▶ _What to produce_
Every line below from the one containing "몰리나 블랙 트러플 소금, 100g, 1개" through the one containing "In God We Trust Hat" must be transcribed exactly. Omit all lines outside that stretch.

▶ _Source records_
-.-.-
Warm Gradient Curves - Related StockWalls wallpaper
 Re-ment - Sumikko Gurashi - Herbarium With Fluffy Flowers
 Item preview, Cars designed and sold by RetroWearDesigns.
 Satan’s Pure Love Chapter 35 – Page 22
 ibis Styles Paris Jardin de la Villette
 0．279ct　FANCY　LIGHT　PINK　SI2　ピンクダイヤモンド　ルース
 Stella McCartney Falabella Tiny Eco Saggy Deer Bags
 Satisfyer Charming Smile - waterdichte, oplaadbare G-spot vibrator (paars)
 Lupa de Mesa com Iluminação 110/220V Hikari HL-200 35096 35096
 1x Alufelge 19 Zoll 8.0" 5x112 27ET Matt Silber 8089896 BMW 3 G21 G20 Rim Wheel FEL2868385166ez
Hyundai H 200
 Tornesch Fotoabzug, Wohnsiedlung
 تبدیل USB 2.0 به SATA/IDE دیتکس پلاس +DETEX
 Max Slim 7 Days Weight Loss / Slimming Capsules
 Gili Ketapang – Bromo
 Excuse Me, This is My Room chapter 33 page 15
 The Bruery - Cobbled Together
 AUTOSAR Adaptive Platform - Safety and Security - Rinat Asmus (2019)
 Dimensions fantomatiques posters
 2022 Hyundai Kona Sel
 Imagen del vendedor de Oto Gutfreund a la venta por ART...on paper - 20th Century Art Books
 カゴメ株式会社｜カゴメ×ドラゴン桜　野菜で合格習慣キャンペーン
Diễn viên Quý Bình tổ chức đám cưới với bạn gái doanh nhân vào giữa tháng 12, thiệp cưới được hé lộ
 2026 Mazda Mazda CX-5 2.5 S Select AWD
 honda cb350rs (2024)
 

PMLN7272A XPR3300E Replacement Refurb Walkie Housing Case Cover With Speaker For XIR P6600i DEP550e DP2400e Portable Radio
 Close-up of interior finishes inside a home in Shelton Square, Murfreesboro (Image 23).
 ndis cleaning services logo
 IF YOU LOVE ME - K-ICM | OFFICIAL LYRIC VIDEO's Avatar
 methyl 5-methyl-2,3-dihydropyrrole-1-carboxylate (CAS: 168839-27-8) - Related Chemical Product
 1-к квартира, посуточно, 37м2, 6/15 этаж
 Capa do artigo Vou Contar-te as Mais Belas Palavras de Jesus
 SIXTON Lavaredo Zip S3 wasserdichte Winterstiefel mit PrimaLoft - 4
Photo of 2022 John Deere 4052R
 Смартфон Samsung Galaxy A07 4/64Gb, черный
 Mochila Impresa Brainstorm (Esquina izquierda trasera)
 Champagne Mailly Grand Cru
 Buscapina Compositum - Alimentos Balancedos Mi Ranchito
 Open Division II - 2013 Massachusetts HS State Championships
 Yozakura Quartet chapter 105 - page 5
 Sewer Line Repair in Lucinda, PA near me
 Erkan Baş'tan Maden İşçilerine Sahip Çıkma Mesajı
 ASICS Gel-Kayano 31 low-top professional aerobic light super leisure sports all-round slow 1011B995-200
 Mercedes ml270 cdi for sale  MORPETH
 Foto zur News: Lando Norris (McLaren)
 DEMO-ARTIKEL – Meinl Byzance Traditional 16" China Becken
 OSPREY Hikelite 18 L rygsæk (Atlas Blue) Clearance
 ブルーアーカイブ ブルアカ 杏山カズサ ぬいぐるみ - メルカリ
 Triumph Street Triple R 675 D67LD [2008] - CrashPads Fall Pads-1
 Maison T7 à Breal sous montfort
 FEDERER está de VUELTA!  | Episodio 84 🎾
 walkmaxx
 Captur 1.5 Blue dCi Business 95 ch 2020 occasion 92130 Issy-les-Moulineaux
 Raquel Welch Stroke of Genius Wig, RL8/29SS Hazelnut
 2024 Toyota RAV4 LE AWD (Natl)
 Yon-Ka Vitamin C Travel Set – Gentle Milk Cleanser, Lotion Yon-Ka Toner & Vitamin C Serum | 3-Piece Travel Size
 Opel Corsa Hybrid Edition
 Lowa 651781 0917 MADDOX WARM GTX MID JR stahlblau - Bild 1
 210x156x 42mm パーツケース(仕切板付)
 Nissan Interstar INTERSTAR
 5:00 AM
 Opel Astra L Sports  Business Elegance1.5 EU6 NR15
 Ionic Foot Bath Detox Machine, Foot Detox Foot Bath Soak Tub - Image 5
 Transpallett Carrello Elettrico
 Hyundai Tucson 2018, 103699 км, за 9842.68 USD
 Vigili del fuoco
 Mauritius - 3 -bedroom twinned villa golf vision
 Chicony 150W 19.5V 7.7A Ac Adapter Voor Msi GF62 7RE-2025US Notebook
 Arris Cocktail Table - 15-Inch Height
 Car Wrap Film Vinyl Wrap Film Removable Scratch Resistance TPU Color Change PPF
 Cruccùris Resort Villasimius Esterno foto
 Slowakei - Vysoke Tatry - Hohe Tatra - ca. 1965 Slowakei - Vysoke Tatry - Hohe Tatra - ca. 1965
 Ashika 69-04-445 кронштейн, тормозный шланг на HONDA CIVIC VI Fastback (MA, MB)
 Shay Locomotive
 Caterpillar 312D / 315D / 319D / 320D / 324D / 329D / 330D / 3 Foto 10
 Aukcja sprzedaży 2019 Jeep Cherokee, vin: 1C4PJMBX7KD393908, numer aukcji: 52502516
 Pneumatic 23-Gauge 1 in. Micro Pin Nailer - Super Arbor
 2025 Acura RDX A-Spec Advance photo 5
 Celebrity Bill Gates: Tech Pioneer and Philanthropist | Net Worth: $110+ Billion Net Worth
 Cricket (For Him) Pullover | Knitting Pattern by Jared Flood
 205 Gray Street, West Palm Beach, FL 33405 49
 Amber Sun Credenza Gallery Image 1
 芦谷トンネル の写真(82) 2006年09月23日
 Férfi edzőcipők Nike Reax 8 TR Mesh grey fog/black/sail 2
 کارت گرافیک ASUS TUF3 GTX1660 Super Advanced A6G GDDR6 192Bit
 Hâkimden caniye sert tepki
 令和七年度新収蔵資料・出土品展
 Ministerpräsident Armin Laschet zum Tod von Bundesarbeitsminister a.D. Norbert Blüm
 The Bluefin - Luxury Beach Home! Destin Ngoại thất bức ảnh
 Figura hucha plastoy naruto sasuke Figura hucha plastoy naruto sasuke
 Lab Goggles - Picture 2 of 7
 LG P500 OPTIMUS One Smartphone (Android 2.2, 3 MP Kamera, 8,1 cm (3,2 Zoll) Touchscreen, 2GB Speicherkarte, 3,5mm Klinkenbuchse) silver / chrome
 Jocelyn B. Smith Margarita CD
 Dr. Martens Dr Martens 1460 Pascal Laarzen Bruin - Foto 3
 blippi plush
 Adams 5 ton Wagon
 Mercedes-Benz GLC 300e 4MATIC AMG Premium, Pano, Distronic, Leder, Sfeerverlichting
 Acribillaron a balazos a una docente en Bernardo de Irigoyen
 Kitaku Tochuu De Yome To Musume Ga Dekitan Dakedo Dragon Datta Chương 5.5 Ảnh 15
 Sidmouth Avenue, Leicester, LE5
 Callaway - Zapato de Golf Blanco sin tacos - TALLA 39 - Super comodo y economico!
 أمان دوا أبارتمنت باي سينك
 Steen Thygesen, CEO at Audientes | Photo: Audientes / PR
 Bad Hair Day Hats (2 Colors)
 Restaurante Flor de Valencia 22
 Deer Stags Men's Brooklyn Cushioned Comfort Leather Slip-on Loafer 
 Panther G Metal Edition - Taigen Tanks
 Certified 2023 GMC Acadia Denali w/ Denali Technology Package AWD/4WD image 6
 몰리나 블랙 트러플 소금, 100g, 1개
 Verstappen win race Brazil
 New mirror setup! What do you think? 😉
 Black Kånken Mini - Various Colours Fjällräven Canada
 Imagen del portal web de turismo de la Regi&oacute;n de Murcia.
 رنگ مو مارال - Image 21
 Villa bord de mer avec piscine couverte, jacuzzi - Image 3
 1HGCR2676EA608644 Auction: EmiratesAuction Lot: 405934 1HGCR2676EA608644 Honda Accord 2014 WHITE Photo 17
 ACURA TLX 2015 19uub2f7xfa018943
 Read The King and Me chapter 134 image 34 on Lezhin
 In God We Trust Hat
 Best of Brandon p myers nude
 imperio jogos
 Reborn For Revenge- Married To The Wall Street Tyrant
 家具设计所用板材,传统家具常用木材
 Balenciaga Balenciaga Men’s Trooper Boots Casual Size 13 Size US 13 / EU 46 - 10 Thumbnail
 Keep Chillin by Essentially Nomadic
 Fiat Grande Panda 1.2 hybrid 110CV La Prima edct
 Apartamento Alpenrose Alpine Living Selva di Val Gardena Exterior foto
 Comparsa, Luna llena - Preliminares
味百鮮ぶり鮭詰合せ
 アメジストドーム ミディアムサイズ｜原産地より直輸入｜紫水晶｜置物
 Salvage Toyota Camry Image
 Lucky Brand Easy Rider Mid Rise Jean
-.-.-
▶ _Written response_
 몰리나 블랙 트러플 소금, 100g, 1개
 Verstappen win race Brazil
 New mirror setup! What do you think? 😉
 Black Kånken Mini - Various Colours Fjällräven Canada
 Imagen del portal web de turismo de la Regi&oacute;n de Murcia.
 رنگ مو مارال - Image 21
 Villa bord de mer avec piscine couverte, jacuzzi - Image 3
 1HGCR2676EA608644 Auction: EmiratesAuction Lot: 405934 1HGCR2676EA608644 Honda Accord 2014 WHITE Photo 17
 ACURA TLX 2015 19uub2f7xfa018943
 Read The King and Me chapter 134 image 34 on Lezhin
 In God We Trust Hat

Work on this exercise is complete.